Wednesday, July 04, 2007

Vacationing is Overrated

Why do Americans vacation so much? Do we really think it will make us feel better to go somewhere else? Why do we invest so much time and effort into the process? We’re still the same people we are at home. The only thing that changes is the scenery. And then we always have to return back to our mundane lives afterwards. In my opinion, the entire procedure is highly overrated and a real letdown.

Besides, vacationing is exhausting, expensive and a helluva lot of work overall. You either have to get on a plane or drive in your car, usually going far away, which means you have to spend an inordinate amount of time and effort getting there.

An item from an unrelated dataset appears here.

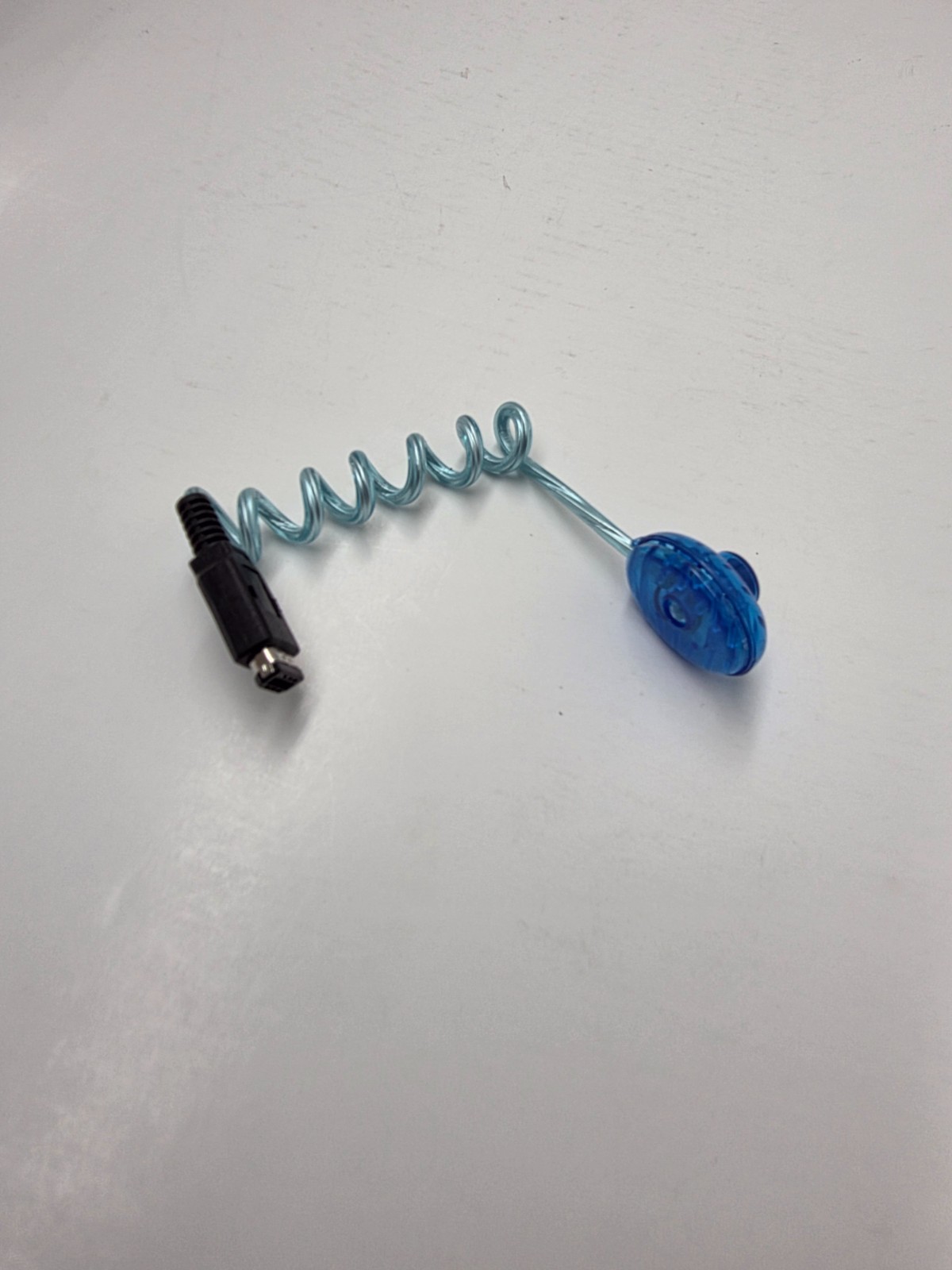 NEW Super Bright LED Snake Worm Light for GameBoy Color No Batteries Required BL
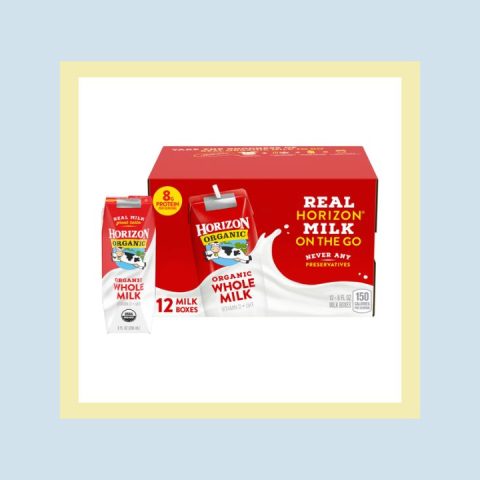 horizon milk recall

Going to a destination is stressful because of the anticipation. And returning is stressful because of the depression. (Especially if you’re coming back from Las Vegas penniless, which has happened to me more than I care to recall.)

This is the tourist season here in San Francisco. People from all over the world converge on this place every summer. You can tell a tourist a mile away. They wear those silly t-shirts that say things like “I Was a Prisoner at Alcatraz” or “Take Me to Fisherman’s Wharf,” or even worse, they wear those really insipid Hard Rock CafĂ© shirts. They walk around with those cartoon maps of the city and ask locals questions like, “What do you people eat around here?” and/or “Is it always this windy?” And they take pictures of everything in sight. I saw a guy the other day taking a picture of a seagull. I guess they don’t have them in Missouri.

I like where I live. I have all my creature comforts right here. There’s my local bar, my favorite dry cleaners, clubs and restaurants. I have my dogs, my baseball cable package and the guy at the liquor store down the street sells me beer at a discount. If I want to go to Europe or Africa or some exotic location, I can always watch it on the Travel Network. I can live vicariously through the people on the show. It costs a lot less, I don’t have to fly and I can turn it off when it gets boring.

And besides, going on vacation usually means you have to spend a lot of time with family and relatives, many of whom you would never associate with if they weren’t related to you. When I walk around Fisherman’s Wharf or in Chinatown here in SF, I notice a lot of families fighting. The kids are annoying the parents, the parents are being heavy-handed with the kids, and grandma and grandpa are whacked out on Thorazine. They look miserable and probably wish they were back in Tulsa rather than stuck in an unfamiliar, very expensive place like San Francisco.

They were looking forward all year to a wonderful vacation, they did all this planning, they even bought new luggage and now they’re having a miserable time. Welcome to the American tradition called the vacation.

And with that diatribe out of system, I must leave you if only for a short while. Where am I going? You guessed it.